E aí está a questão mais interessante de The Witch’s House: o jogador controlou a vilã o tempo todo, uma vilã extremamente sádica, cuja última aparição na história é rir da desgraça da pobre Viola, que levou um tiro na cabeça do próprio pai que ela tentava tanto proteger.

Mas, não é só isso: há textos escondidos que revelam que a própria Ellen, a bruxa, arrancou os olhos e as pernas para que a Viola não pudesse se mexer direito depois da troca de corpos, e depois deu ácido a ela, para que ela perdesse a língua e não pudesse contar nada a ninguém.

O final desse jogo é uma das coisas mais chocantes que eu já vi num jogo até hoje, porque ele apresenta uma protagonista vilã irredimível, que age apenas pelo mal. Nem os vilões de um jogo como GTA ou Song of Saya vão tão longe, porque eles, pelo menos, têm motivações humanas. No caso da Ellen, há um prazer no mal que transcende qualquer vilão que eu já tenha visto num jogo até hoje. Se alguém conhecer algum do mesmo nível, por favor, me fale aí nos comentários.

O mais interessante, entretanto, é que o jogador só descobre isso no final verdadeiro do jogo, algo que ele pode perfeitamente perder se não prestar atenção em tudo e que, no momento em que acontece, não é mais evitável ou consertável. Aliás, considerando as regras que o jogo te dá, o único jeito de não praticar um mal irredimível seria simplesmente não jogar The Witch’s House, mas isso é uma não solução à la The Stanley Parable.

Isso faz com que o jogador tome parte nos atos maléficos da Ellen, e se sinta um pouco responsável por eles, e impotente por não poder ajudar a Viola. Aliás, vasculhando a internet, eu achei muitos e muitos depoimentos de gente que não gostou do jogo porque não havia um final em que a Viola poderia ser salva. O único final aceitável seria o da ignorância, em que a identidade da menina não se revela. Mas, se você conhece a história do jogo, você sabe que ela é a Ellen desde o início. É um dos maiores casos de impotência da história dos jogos, talvez superior em execução a Gone Home.
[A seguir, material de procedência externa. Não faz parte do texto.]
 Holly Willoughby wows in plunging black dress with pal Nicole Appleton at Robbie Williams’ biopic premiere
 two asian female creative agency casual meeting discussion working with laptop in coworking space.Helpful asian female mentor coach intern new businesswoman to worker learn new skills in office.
E essa é uma comparação interessante que eu queria continuar fazendo: Gone Home é uma obra importante porque joga justamente com o fato de que a protagonista não tem como mudar a situação da irmã – no fundo, a experiência do jogo é apenas um esforço para entender uma história; no final, nada foi alterado.
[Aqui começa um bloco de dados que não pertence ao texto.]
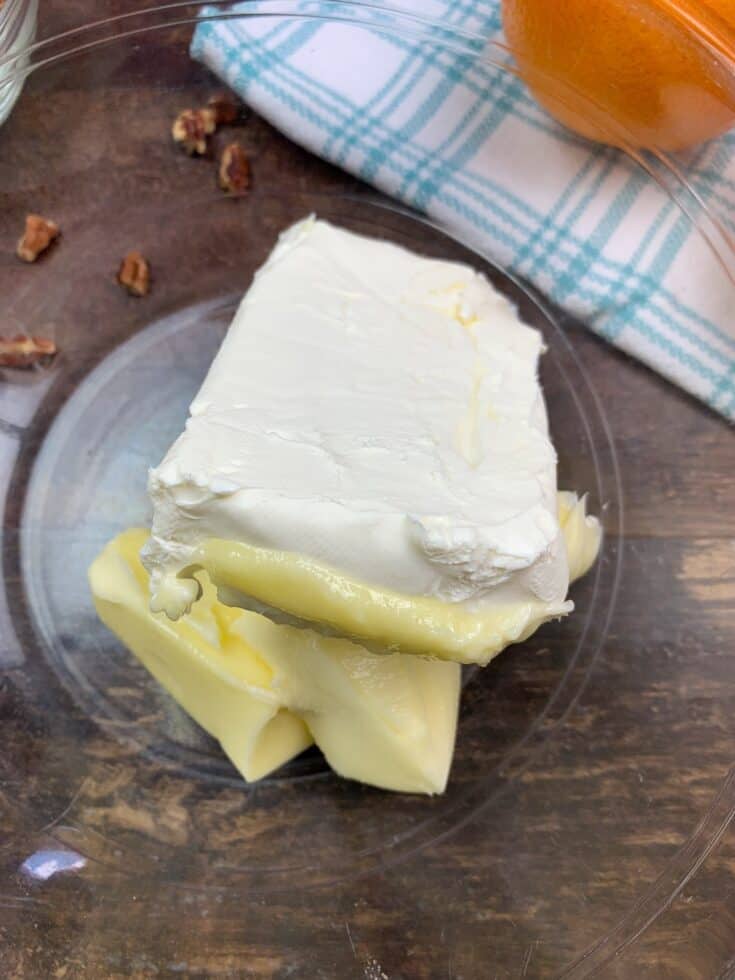 Softened butter and cream cheese in a glass bowl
The Witch’s House segue uma tendência completamente oposta, mas alcançando efeito parecido. Em vez das ações da menina serem inúteis, elas são as responsáveis por levar o jogador ao efeito exatamente oposto ao que ele queria, que era salvar a menina. Isso faz o jogador se sentir algo enganado, traído e impotente.

Mas, o jogo não enganou ninguém; as pistas estavam todas lá desde o início, mas fazem sentido só no final. O jogador se engajou no mal apenas porque seguiu o seu impulso de sair resolvendo problemas sem saber exatamente porque estava fazendo isso – apenas porque é isso que se faz num jogo. Seria algo semelhante a pegar um livro e ler, colocar um filme no aparelho de DVD e dar play, etc.
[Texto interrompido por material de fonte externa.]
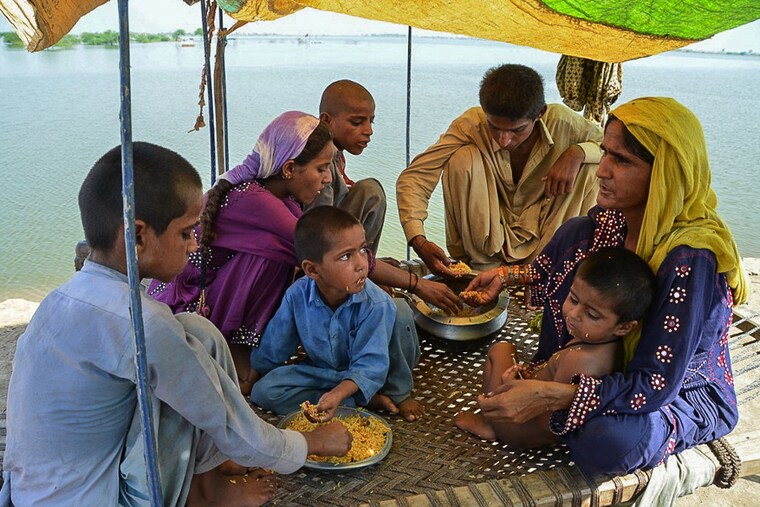 A flood-affected family eats a meal in a makeshift tent in Dera Allah Yar town of Jaffarabad district in Balochistan province, Pakistan on September 17, 2022. The catastrophic floods have hit 3.3 crore people, sweeping away homes, markets, crops and livestock, causing a massive outbreak of water-borne diseases and an estimated $30 billion in damages. The government now estimates that the cash-starved country will have negative growth this year.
A diferença é que video games são uma mídia interativa, elas simulam decisão e uma posição ativa da parte do consumidor da experiência, e o que o jogo está dizendo é que isso deveria implicar uma maior consciência da parte do jogador. O raciocínio não deve se limitar apenas a decidir qual é a ação mais vantajosa, e sim se o próprio impulso de agir sem conhecer a situação é algo ético ou não.


The Witch’s House é como um manifesto que pede um jogador diferente, alguém que não esteja apenas predisposto a seguir as regras que o jogo dá, ou a viver estritamente como lhe ensinam. Com esse tipo de jogador, talvez nós tenhamos jogos diferentes, que permitam um nível de decisão ainda mais profundo, e um mundo de pessoas que prezem mais pela reflexão. Do contrário, nós continuaremos sendo enganados pela Ellen, como a Viola e todo jogador de The Witch’s House acaba sendo. É um jogo que expõe uma consequência funesta do impulso ativo que todo jogador tem.